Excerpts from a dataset
□ □ □ □ □ □ □

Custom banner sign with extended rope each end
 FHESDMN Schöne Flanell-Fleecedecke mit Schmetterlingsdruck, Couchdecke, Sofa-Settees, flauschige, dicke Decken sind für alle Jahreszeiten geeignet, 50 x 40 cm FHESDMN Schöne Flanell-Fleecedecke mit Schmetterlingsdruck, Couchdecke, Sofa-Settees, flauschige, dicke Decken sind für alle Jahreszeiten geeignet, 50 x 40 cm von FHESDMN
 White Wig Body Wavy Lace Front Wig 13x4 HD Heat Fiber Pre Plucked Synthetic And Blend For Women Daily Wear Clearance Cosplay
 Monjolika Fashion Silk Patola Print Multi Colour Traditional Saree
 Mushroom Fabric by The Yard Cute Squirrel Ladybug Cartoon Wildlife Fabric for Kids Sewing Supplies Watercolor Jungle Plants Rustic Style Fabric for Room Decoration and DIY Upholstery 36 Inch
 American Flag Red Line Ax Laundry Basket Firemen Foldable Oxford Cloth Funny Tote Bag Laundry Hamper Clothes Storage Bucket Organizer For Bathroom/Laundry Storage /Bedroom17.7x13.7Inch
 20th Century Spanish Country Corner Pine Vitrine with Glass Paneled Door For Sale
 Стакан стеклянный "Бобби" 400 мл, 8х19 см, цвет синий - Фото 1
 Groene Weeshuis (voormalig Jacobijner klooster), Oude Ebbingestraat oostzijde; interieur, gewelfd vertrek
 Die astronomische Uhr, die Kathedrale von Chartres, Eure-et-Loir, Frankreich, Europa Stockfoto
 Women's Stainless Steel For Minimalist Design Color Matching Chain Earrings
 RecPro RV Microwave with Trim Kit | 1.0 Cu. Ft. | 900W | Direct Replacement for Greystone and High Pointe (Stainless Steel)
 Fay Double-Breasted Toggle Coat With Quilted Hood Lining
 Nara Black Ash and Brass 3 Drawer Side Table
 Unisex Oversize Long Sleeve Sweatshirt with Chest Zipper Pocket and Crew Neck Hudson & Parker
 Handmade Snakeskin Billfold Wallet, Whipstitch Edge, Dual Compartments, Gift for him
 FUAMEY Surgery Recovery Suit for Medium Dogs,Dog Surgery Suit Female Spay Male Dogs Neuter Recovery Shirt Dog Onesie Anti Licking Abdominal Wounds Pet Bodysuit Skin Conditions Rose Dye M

□ □ □ □ □ □ □

Instructions to follow ▸ What lines above hold the word "Women"? List them all.

Response to this task ▸
 White Wig Body Wavy Lace Front Wig 13x4 HD Heat Fiber Pre Plucked Synthetic And Blend For Women Daily Wear Clearance Cosplay
 Women's Stainless Steel For Minimalist Design Color Matching Chain Earrings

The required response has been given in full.